[Opening Data for this exercise section]

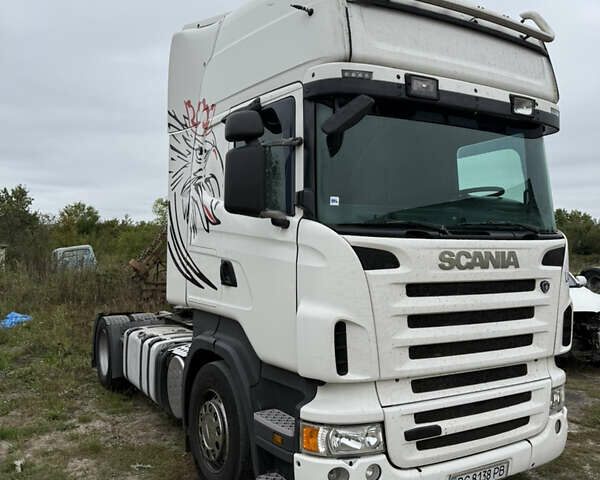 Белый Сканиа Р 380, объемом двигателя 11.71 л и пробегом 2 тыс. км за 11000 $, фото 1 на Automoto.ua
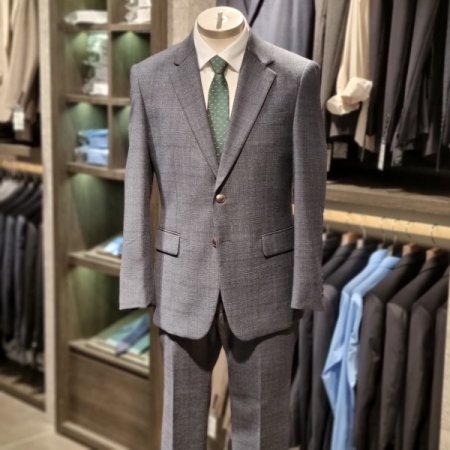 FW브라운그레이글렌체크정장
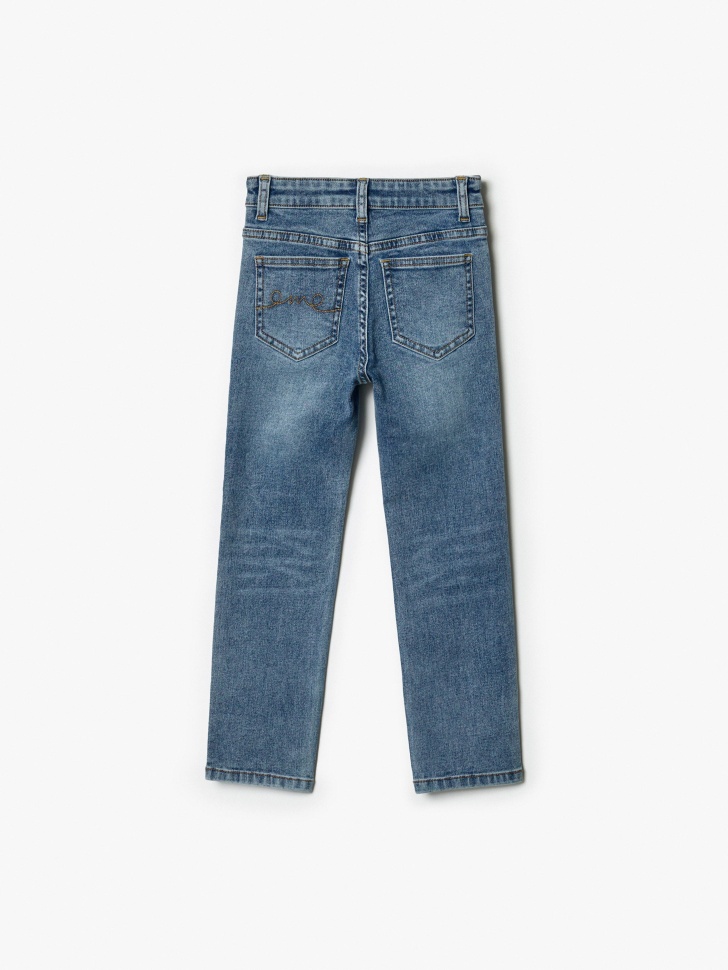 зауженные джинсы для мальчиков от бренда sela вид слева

[Closing Data for this exercise section]
[Opening Data for this exercise section]

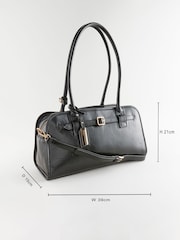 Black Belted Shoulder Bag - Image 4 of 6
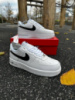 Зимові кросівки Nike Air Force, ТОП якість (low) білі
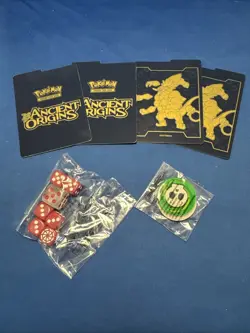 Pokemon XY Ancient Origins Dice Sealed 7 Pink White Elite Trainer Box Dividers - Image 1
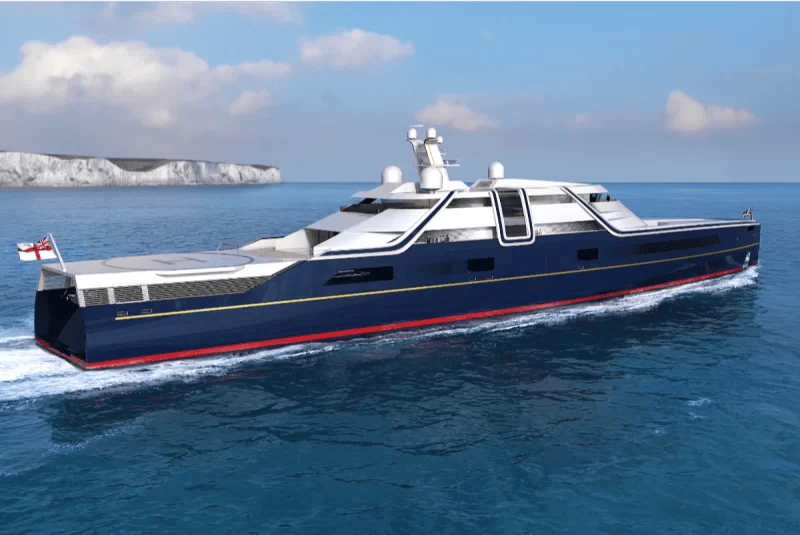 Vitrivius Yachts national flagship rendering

[Closing Data for this exercise section]

## Requirement
In the entries above, which lines run from the one with "Pokemon XY Ancient" up to and including the one with "Vitrivius Yachts national flagship rendering"? Write them out exactly, without the pictures.

## Solution to the problem
 Pokemon XY Ancient Origins Dice Sealed 7 Pink White Elite Trainer Box Dividers - Image 1
 Vitrivius Yachts national flagship rendering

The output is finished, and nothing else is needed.